We are comfortable that we have provided you with the information necessary. We are also pleased that various results indicate that 90% of the survey respondents recognize and are aware of the needs of the school system.
The Superintendent has been working with our financial advisor, Dianne McNabb, and the Bond Attorney, Terri Fin nester. Attached to this letter you will find the appropriate documentation.
The Board is asking that the Commission take up this action on June 1, 2015.
Thank you for your assistance with this matter.
Meeting starts at 7:30p this evening. You can tune in for the live broadcast HERE or check it out on Comcast channel 25.
The AJC posted a blurb Friday afternoon that noted that due to a 19% increase in the city’s tax digest this year, Decatur Schools would likely drop the millage rate by a full point next year.
Using this calculation, it looks like a full point millage drop would result in roughly a $240/year savings for a Decatur home valued at $500,000.
Additionally, on the agenda for tonight’s City Commission meeting, Asst.
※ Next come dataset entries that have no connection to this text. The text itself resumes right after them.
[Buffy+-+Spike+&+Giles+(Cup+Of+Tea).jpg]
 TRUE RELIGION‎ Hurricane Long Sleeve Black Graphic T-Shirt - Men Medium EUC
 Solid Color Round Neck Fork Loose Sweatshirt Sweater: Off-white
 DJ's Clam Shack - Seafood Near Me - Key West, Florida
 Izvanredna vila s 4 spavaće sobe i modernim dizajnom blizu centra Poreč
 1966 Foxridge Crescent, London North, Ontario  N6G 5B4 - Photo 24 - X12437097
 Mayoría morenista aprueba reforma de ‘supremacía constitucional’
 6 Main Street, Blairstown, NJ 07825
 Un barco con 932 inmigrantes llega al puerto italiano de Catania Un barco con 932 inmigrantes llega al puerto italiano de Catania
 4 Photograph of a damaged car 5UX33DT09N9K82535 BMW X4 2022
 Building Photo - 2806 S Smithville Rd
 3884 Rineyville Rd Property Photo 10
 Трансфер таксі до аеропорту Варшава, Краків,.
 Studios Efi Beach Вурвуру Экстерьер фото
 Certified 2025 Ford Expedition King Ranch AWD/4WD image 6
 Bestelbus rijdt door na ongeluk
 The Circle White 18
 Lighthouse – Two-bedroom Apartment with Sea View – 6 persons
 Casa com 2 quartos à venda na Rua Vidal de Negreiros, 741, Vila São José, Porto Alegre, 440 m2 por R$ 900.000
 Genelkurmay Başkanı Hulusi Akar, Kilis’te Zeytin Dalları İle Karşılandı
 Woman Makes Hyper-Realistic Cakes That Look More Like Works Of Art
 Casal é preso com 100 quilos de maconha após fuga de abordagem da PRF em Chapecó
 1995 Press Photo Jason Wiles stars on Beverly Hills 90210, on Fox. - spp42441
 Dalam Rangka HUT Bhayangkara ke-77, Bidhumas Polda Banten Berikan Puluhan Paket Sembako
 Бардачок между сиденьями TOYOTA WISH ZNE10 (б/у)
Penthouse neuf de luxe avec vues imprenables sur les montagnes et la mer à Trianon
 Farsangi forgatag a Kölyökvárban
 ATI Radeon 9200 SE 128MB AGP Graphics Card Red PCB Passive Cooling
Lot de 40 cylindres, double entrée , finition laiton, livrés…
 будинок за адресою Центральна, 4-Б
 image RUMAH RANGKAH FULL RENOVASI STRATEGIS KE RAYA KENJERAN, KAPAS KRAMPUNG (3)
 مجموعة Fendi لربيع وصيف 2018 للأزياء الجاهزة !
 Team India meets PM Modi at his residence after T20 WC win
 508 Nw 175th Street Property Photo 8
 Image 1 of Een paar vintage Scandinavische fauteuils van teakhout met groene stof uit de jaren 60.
City Manager Andrea Arnold is recommending that the city drop its total millage rate by a point due to a sizable 20% increase in the digest. Ms. Arnold states that 15% of the increase is due to re-evaluations by the county and that 5% is due to new construction.
Ms. Arnold estimates the savings at $240/year for a $500,000 Decatur property.
So ultimately, the millage would lower Decatur taxes by roughly $500/year for a $500,000 property.
All of this millage news obviously comes in front of the backdrop that CSD has requested that the City Commission put a $75 million bond in front of Decatur voters this November. That bond has been estimated to raise taxes on a $500,000 property by $680/year.
Ms. Arnold states that the city will hold the state mandated public hearings surrounding the big millage decrease, in addition to another community budget gathering in the coming weeks.
The AJC notes that the city and CSD will host a joint work session at City Hall at 6pm on Monday, April 27th…
“with the board presenting its case for putting a $75 million general obligation bond on the November ballot. The commission, however, won’t vote on the bond until May at the earliest. After the joint session, the board returns to Central Office for an executive session (not open to the public) that may end with an announcement of a search firm.”
The blurb also notes that the School Board will be interviewing “one or more search firms” during a work session on Friday morning in an “an early step in a nationwide search for replacing Superintendent Phyllis Edwards”.
The AJC reports that Superintendent Phyllis Edwards convinced the Decatur School Board at Tuesday’s meeting to support a $75 million General Obligation Bond, vs. the $82 million bond that was previously requested. The blurb continues…
“Whatever you ask for it’s still not going to meet our needs,” she said. “But I think the $75 million is easier to pass because it’s more reasonable.”
With $75 million, the annual tax increase on those owning an $150,000 home would be approximately $204, on a $300,000 home, $408, on a $500,000 home, $680 and on a $700,000 home $953.
Over on Open City Hall, of the 402 current “On Forum” responses, 70% of respondents said they would approve a $75 million bond. However, it should also be noted that 78% of respondents have children currently in the school system, which is a considerably larger percentage than the total Decatur voting population.